First call of 2013 was a hyperglycemia who AMAed.
First _good_ call of 2013 was a shooting.


----------



## EpiEMS (Jan 2, 2013)

First call, sick person. Emesis leading to syncope (vomiting is an uncommon cause of vasovagal syncope -- I was told I'd "never see vomiting make somebody pass out" about a year ago).


----------



## AlphaButch (Jan 2, 2013)

Hip FX, unknown time of event, unknown reason (lots of shoulder shrugging and not my patient statements).. SNF AMS patient

Followed up immediately by a couple of ETOH calls. It was a long night.


----------



## ZombieEMT (Jan 2, 2013)

My first call of the new year started New Year's eve and ran into New Year's. It was a 26 y/o syncope turned cardiac arrest, with unknown reason.


----------



## leoemt (Jan 2, 2013)

FireWA1 said:


> What was your first call this year?  I had a lovely psych invol.  Im just happy he was nice.



Same, patient contacted SPD officers at the Space Needle and said he wanted to go to jail or was going to commit suicide by cop. They gave him to us for an invol. Took 30 minutes with lights and sirens to navigate that damn traffic. Felt like Moses parting the red sea.


----------



## Anjel (Jan 2, 2013)

We got call 0001 and it was for an assault. We got canceled. 

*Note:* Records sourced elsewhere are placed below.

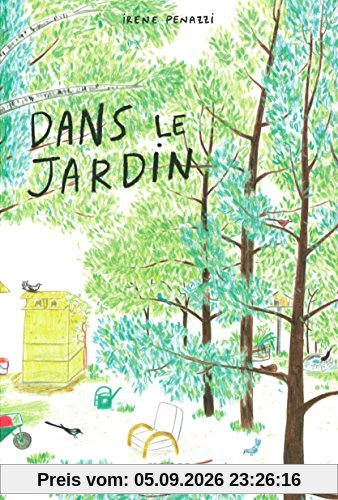 Dans le jardin
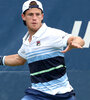 Diego Schwartzman, avanzó de ronda en el US Open. (Fuente: AFP)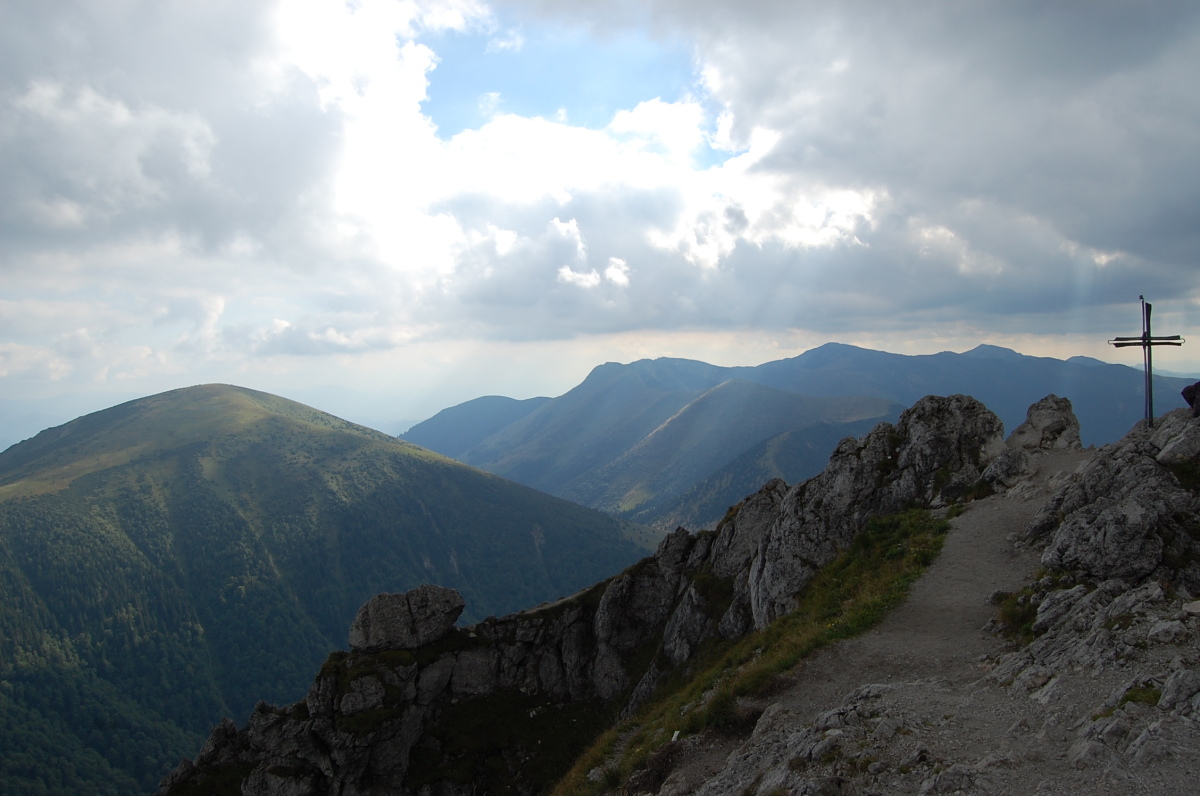 Veľký Rozsutec, Malá Fatra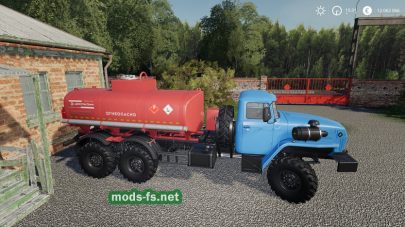 УРАЛ-4320-60 для FS 19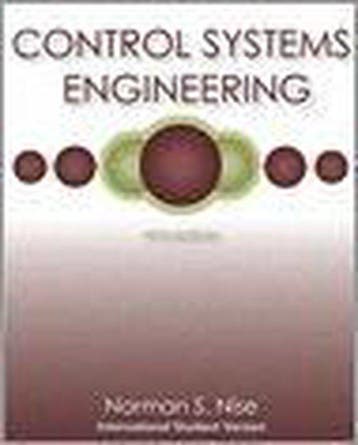 Control Systems Engineering - Norman S. Nise 9780470169971, Verzenden, Gelezen, Norman S. Nise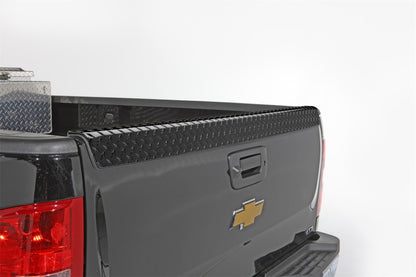 Dee Zee 07-13 Chevrolet Silverado/Sierra Tailgate Protector Cap Black-Tread
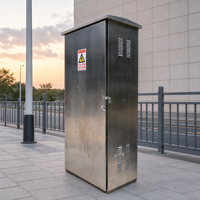 Boîtier de distribution électrique mural personnalisé, basse tension, certifié CE, IK10, en métal, pour usage industriel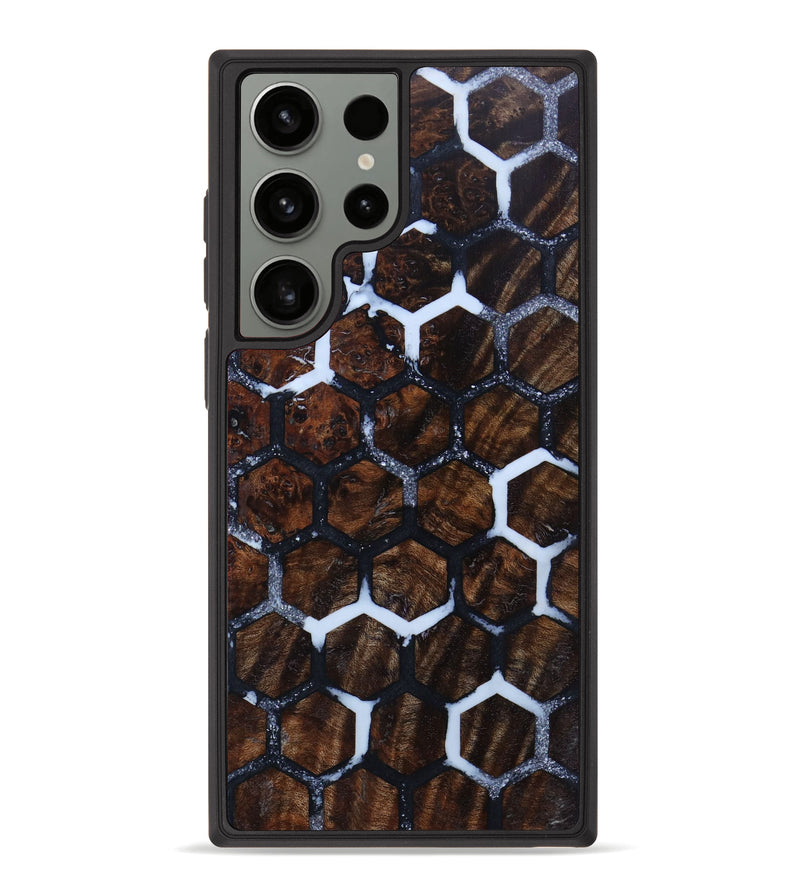 Galaxy S23 Ultra Wood+Resin Phone Case - Jaliyah (Artist Pick, 621373)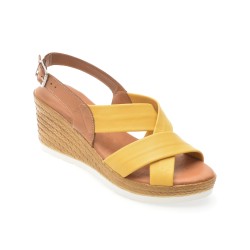 Sandale SHOOZY galbene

First pt I saw was a drunken type 1 diabetic. Her bgl was 130 then 110 then 90. All within like 15 min on scene. She kept demanding it to be taken because she was trying to refuse transport.


----------



## VFlutter (Jan 2, 2013)

EpiEMS said:


> (vomiting is an uncommon cause of vasovagal syncope -- I was told I'd "never see vomiting make somebody pass out" about a year ago).



Say what? I have seen quite a few patients vasovagal while vomiting.


----------



## phideux (Jan 2, 2013)

A lift assist for a 500+lb patient at 0220 in the morning.


----------



## TheLocalMedic (Jan 2, 2013)

Requested by a BLS ambulance to rendezvous with them so we could "give fluids" because their patient was "dehydrated".  Apparently drinking water wasn't an option??


----------



## leoemt (Jan 2, 2013)

TheLocalMedic said:


> Requested by a BLS ambulance to rendezvous with them so we could "give fluids" because their patient was "dehydrated".  Apparently drinking water wasn't an option??



Not sure what your Protocols are but here a Basic cannot "diagnose" dehydration nor can we give fluids. Last time I checked water wasn't carried on my ambulance - unless they want to drink Sterile Water.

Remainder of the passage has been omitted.